• Data
[Start of Attachment]
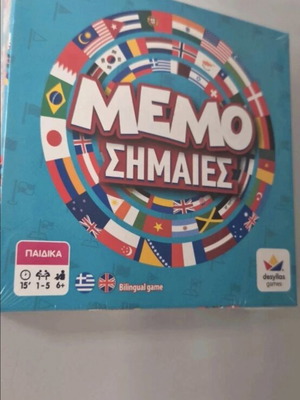 Memo Flags board game, sealed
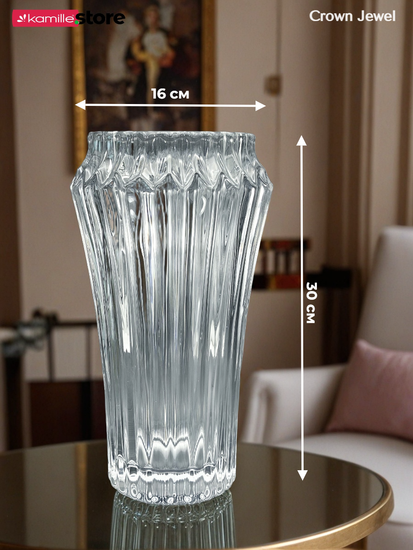 Ваза для цветов 30 см. стекло, коллекция Crown Jewel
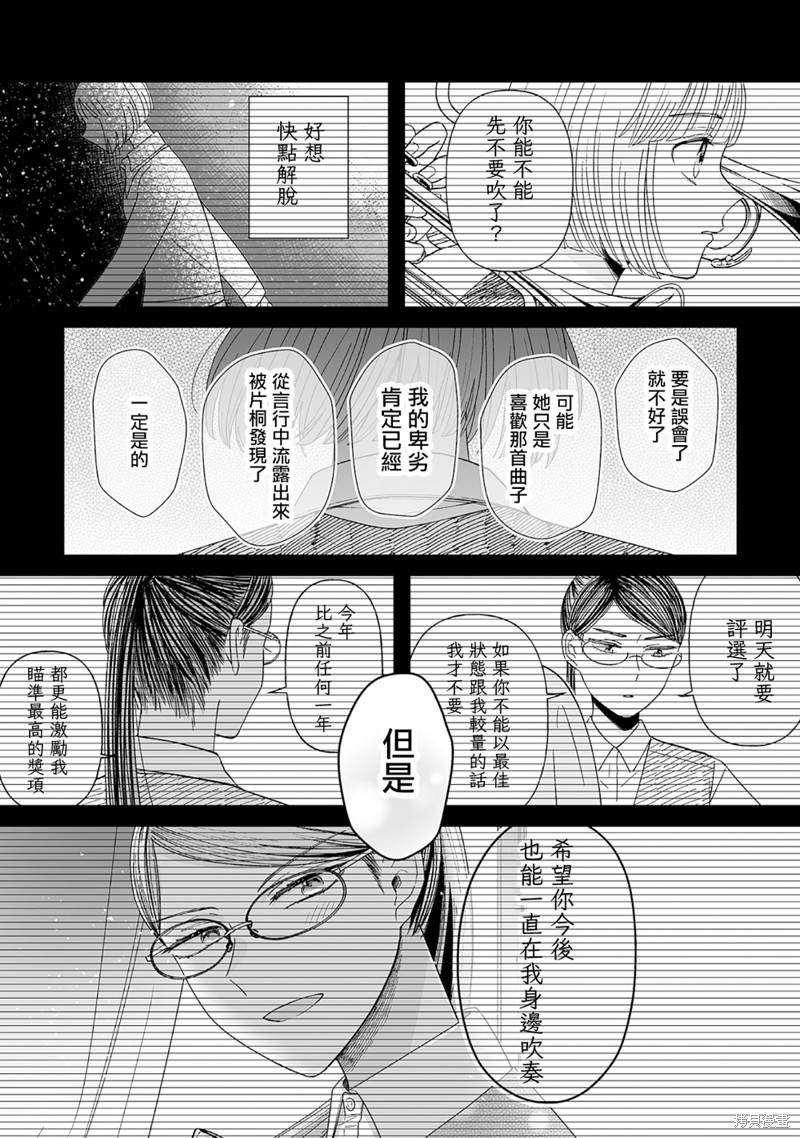 《插足百合的男人不如去死！？》漫画最新章节第7话免费下拉式在线观看章节第【12】张图片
[End of Attachment]
• Brief
Without any pictures, please write out the lines from the one containing "Ваза для цветов" through the final line of the data, exactly and inclusive of both ends.

• Task result
 Ваза для цветов 30 см. стекло, коллекция Crown Jewel
 《插足百合的男人不如去死！？》漫画最新章节第7话免费下拉式在线观看章节第【12】张图片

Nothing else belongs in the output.